Ginny's thin fingers clasp around Hermione's arm, squeezing but not pulling away the death grip. The heat fades quickly from her back, and she's shaking in her father's old T-shirt and her pajama shorts from the frosty night air, the flight, and her adrenaline. Harry straightens the broom, and they circle the flaming carcass of a safe house from birds-eye.

"I don't see anything," Ginny huffs out, and then breaks into a fit of coughs. Hermione loosens her grip, but her eyes continue searching for any movement or figure. "There's no way a fire spread that fast by accident."

"And if we couldn't Apparate out, someone had to put wards up." Hermione coughs, the smoke sitting heavy in her lungs and the cold air too crisp.

"I'm going to fly lower, so we can search..." Harry trails off, and Hermione feels it too. "Shit."

The broom nearly tips them over when Harry shifts to reach into his pocket, the extra weight threatening to roll them. "What is it?"

"Headquarters."

Her Portkey to Headquarters is in her...trunk. Hermione looks back down at the house as it crumbles, and her heart squeezes painfully. Her pictures, her notes, her books, her clothes, her Phoenix band, all of her possessions for the past four years. She has a letter from Neville in her trunk, and pictures, and the flower Justin gave her two summers ago, and Luna's jar of 'good luck' bugs that Hermione couldn't see or had ever heard of.

"Oh, no," she whispers, only just holding back from grabbing the broom and forcing them back.

"What's wrong?"

"My trunk." Is that her voice? She reaches up to wipe at her face, catching wetness on her skin.

There is silence for a moment, because they all know it's too late to do anything about it. She can also feel the heat from the coin in her pocket, and it doesn't matter. The safe house was just attacked, and now they are getting called to Headquarters. She just lost most the physical representations of her friends, but something bigger is going on now.

This is war. Suck it up, Granger. She shakes her head, clenches her jaw. Is that your brave face, Hermione? Neville laughs inside her head. I don't think that's your brave face. Go, rawr. No laughing! Raaawr! Brave face!

"Rawr," she chokes out.

"What?"

Oh, Jesus. Get it together, she snaps at herself. They're just stupid things, it's not like you'll forget. Stupid things, stupid things, stupid... "Does anyone have a Portkey?"

"Yeah. I'm going to put it in my palm, and both of you will put a finger on it. Alright?" Harry's already flicking open the box, and he turns toward them as much as he can. "Make sure you keep your finger on it."

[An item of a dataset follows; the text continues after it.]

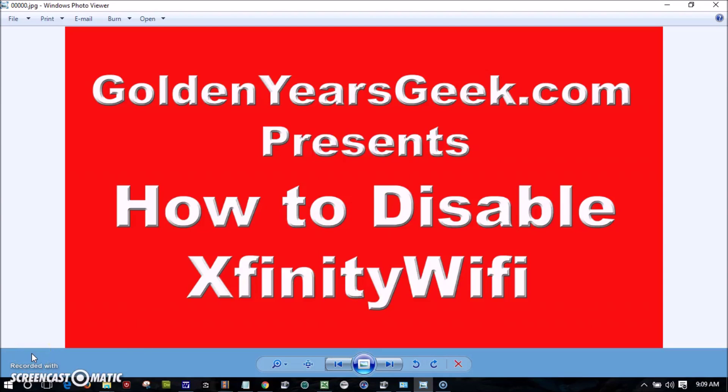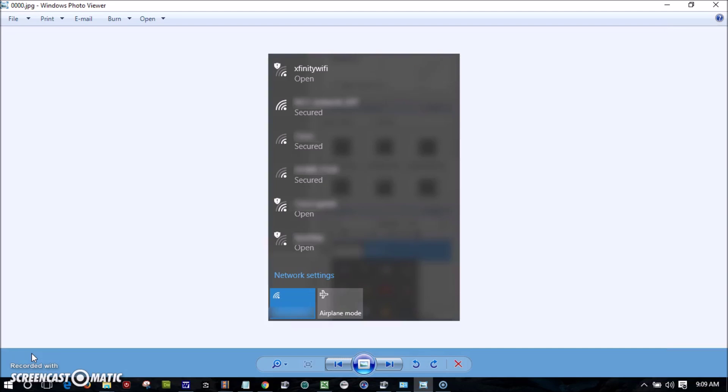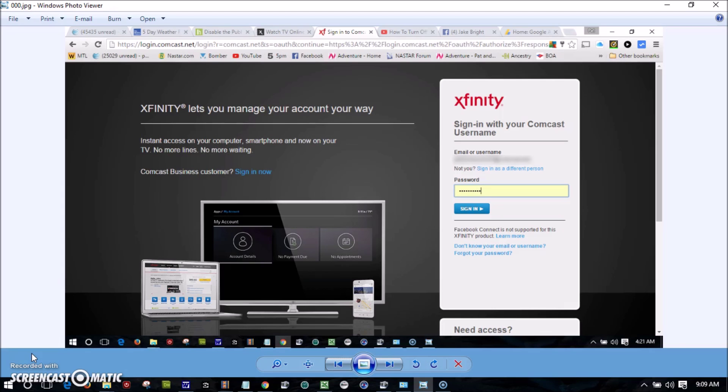Hi there, is your internet service provided by Comcast? If so, you may be providing free internet to your neighbors. This can also slow down your service. Check the available networks and see if you find Xfinity Wi-Fi. Comcast by default sets up your service as a hotspot. I'm going to show you how to disable it.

Harry stretches his arm back, and the broom sways as she and Ginny rush to touch what looks like an old toothpaste cap. Feeling that pull at her bellybutton was always a little disconcerting, but feeling it while hovering far into the sky is not something she'll ever want to repeat. The broom spins them madly, and they cling to one another, Hermione's thighs locked around the ridiculously thin handle.

The broom hits a tree branch and sends them end over front twice, before they plummet headfirst toward the ground. "Lean back, lean back!" Harry screams, and they straighten just two meters from the earth with a collective gasp.

"And you wonder why I hate broo-" Her sentence cuts off in a gurgle of loud sound.

Her eyes are wide on the unguarded gates, the left hanging crookedly, and the right completely blown out onto the lawn. There's screaming in the distance, and high above the towering manor, a snake slithers from the mouth of a skull and tangles in the clouds.